* [WORK INSTRUCTION]: All of the data is to be written out again exactly, without the pictures.

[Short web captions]
##########

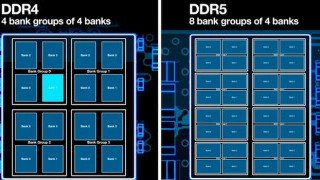 JEDEC Releases DDR5 Standards—And the Push for Widespread DDR5 Adoption is On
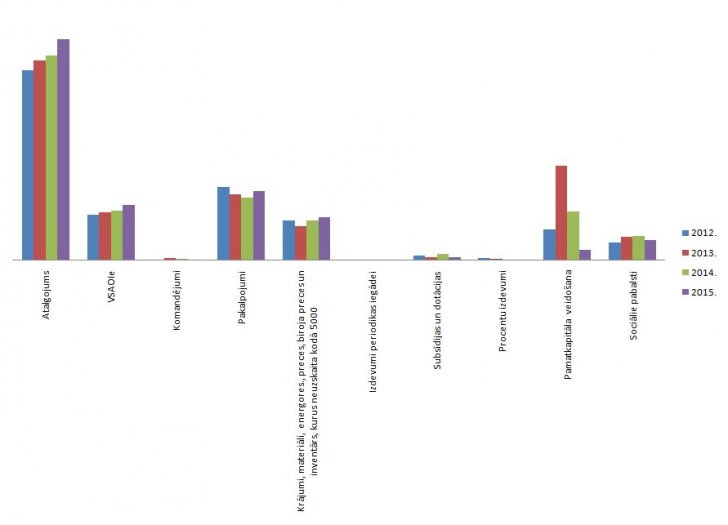 Plānotie izdevumi pa ekonomiskajām kategorijām (€) 2012.–2015.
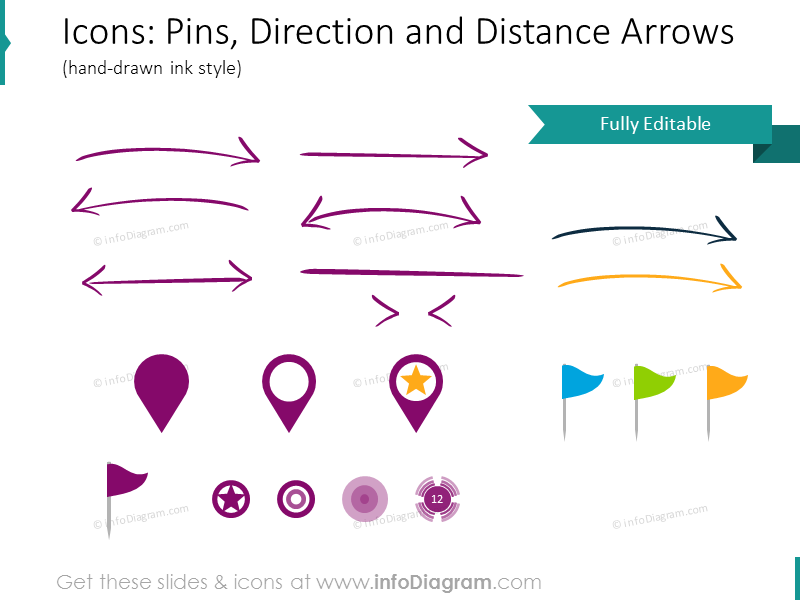 Symbols set: Pins, Direction and Distance Arrows 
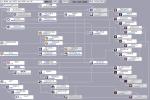 20100709000000_Arc Bishop_skill_0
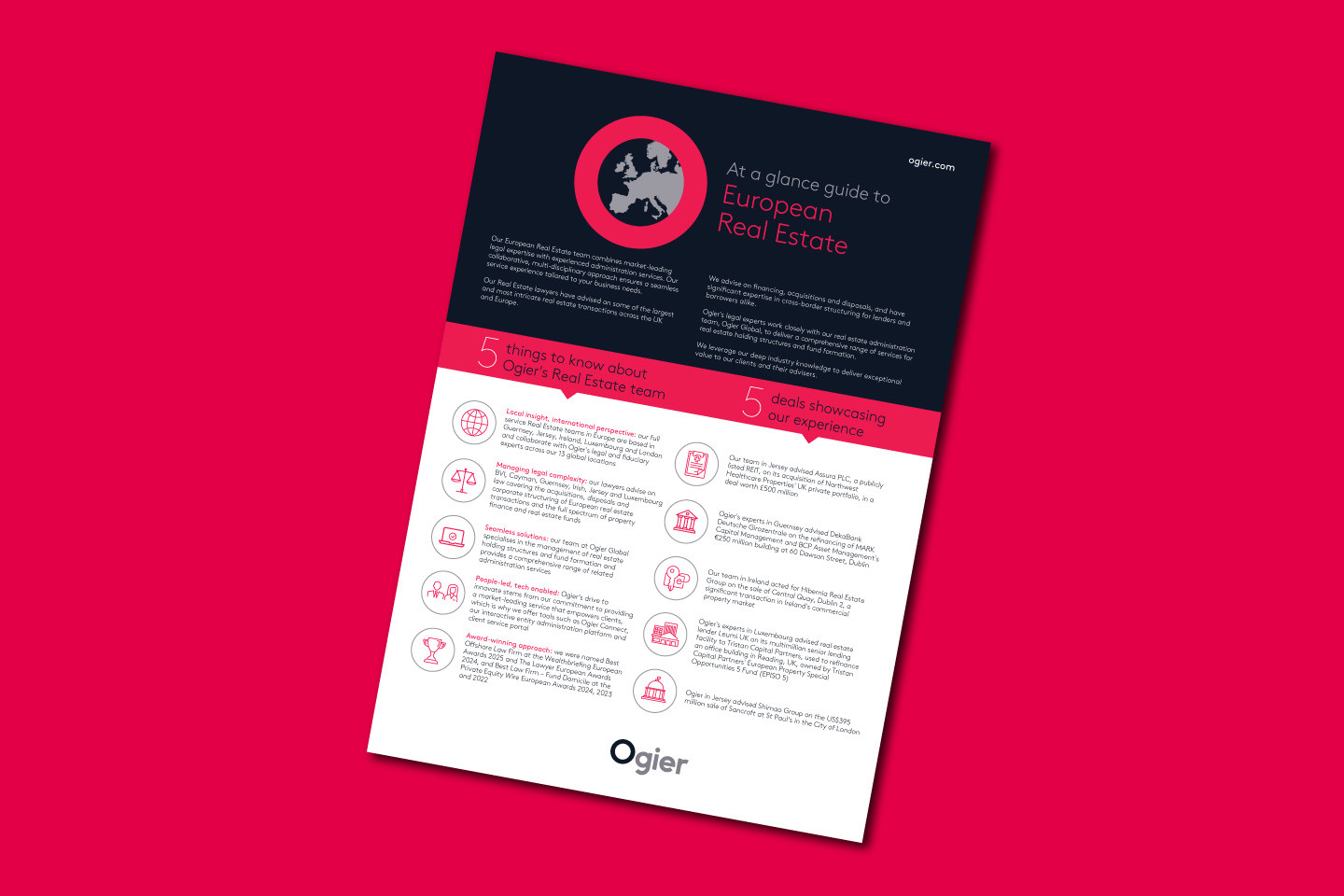 European Real Estate guide summarising key team highlights, recent deals and Ogier branding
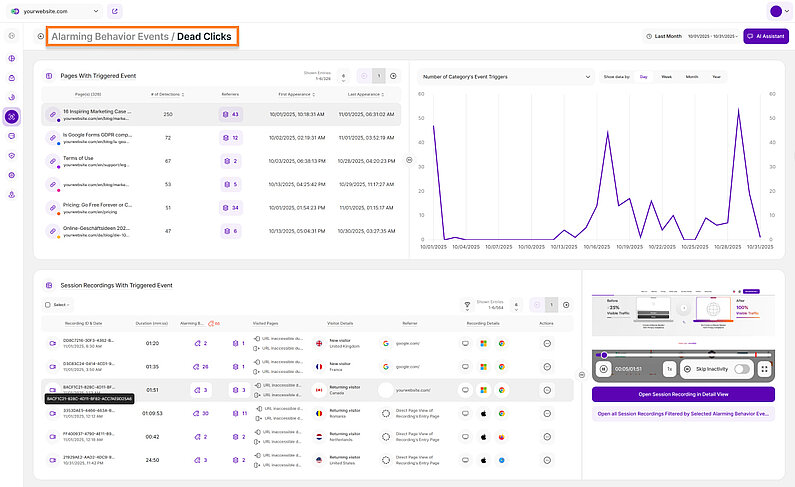 Detail View of Alarming Behavior Events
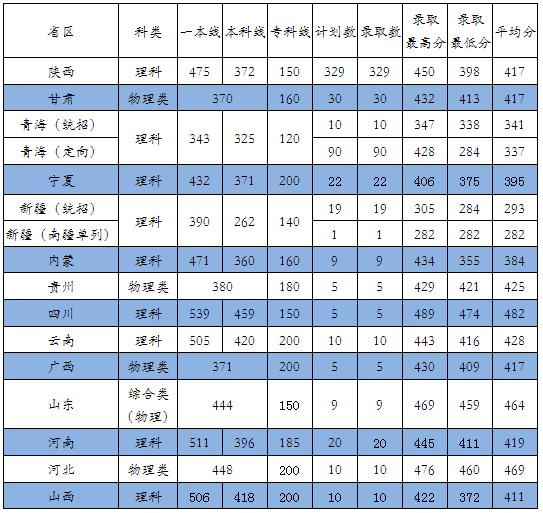 2024西安電力高等?？茖W(xué)校錄取分?jǐn)?shù)線（含2022-2023歷年）
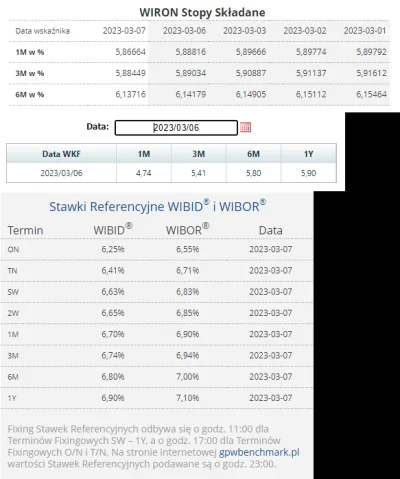 m.....s - #nieruchomosci
#codziennywibor
#codziennywiron

07.03.2023

WIBOR:
3M => 6,...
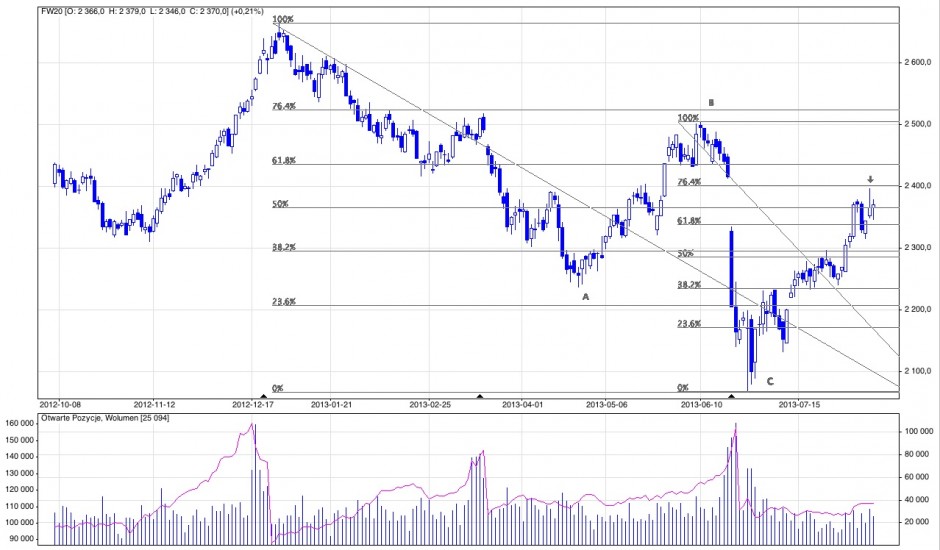 Analiza techniczna i prognozy dla kontraktów terminowych na WIG20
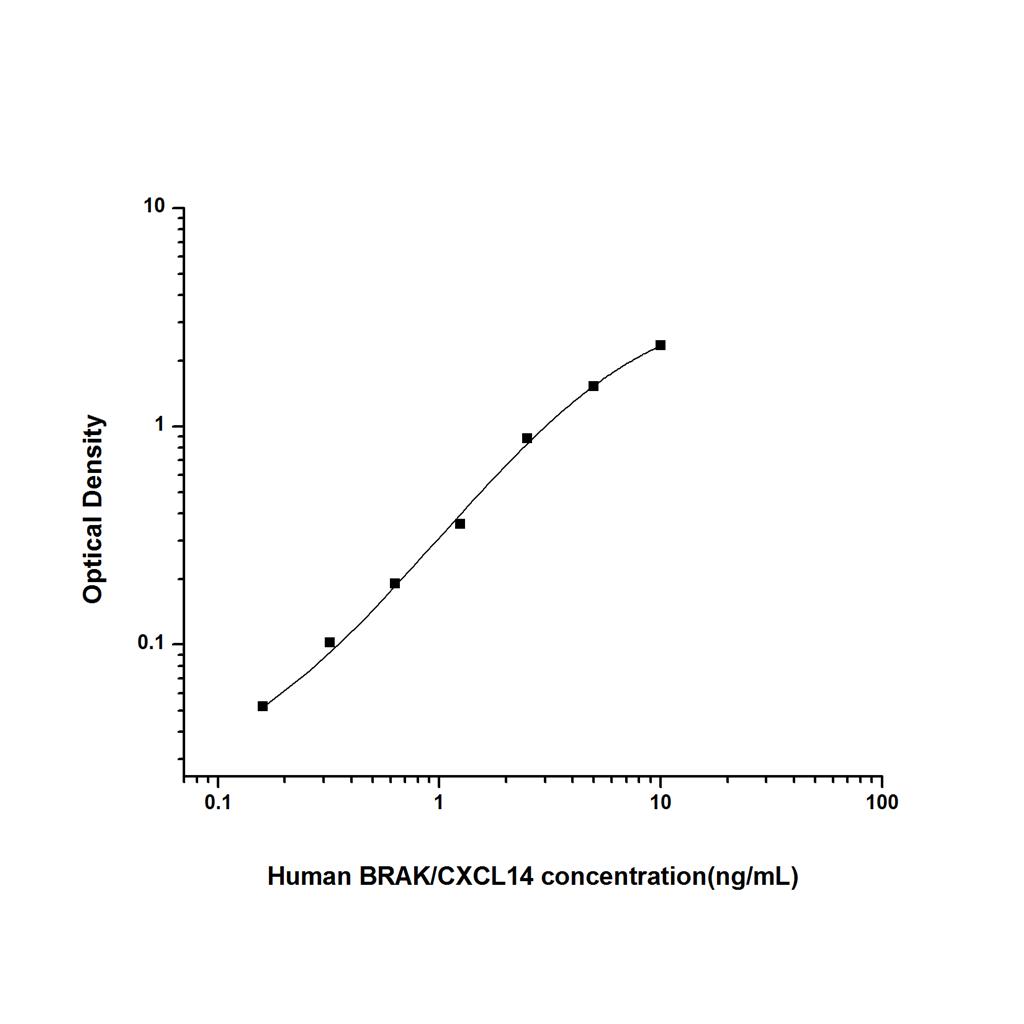 人胸肾表达趋化因子(BRAK/CXCL14)ELISA试剂盒 YB74497Hu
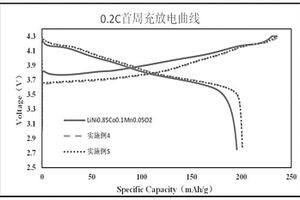 原位氧化聚合包覆锂离子三元正极材料及其制备方法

##########

* [ANSWER SECTION]:
 JEDEC Releases DDR5 Standards—And the Push for Widespread DDR5 Adoption is On
 Plānotie izdevumi pa ekonomiskajām kategorijām (€) 2012.–2015.
 Symbols set: Pins, Direction and Distance Arrows 
 20100709000000_Arc Bishop_skill_0
 European Real Estate guide summarising key team highlights, recent deals and Ogier branding
 Detail View of Alarming Behavior Events
 2024西安電力高等?？茖W(xué)校錄取分?jǐn)?shù)線（含2022-2023歷年）
 m.....s - #nieruchomosci
#codziennywibor
#codziennywiron

07.03.2023

WIBOR:
3M => 6,...
 Analiza techniczna i prognozy dla kontraktów terminowych na WIG20
 人胸肾表达趋化因子(BRAK/CXCL14)ELISA试剂盒 YB74497Hu
 原位氧化聚合包覆锂离子三元正极材料及其制备方法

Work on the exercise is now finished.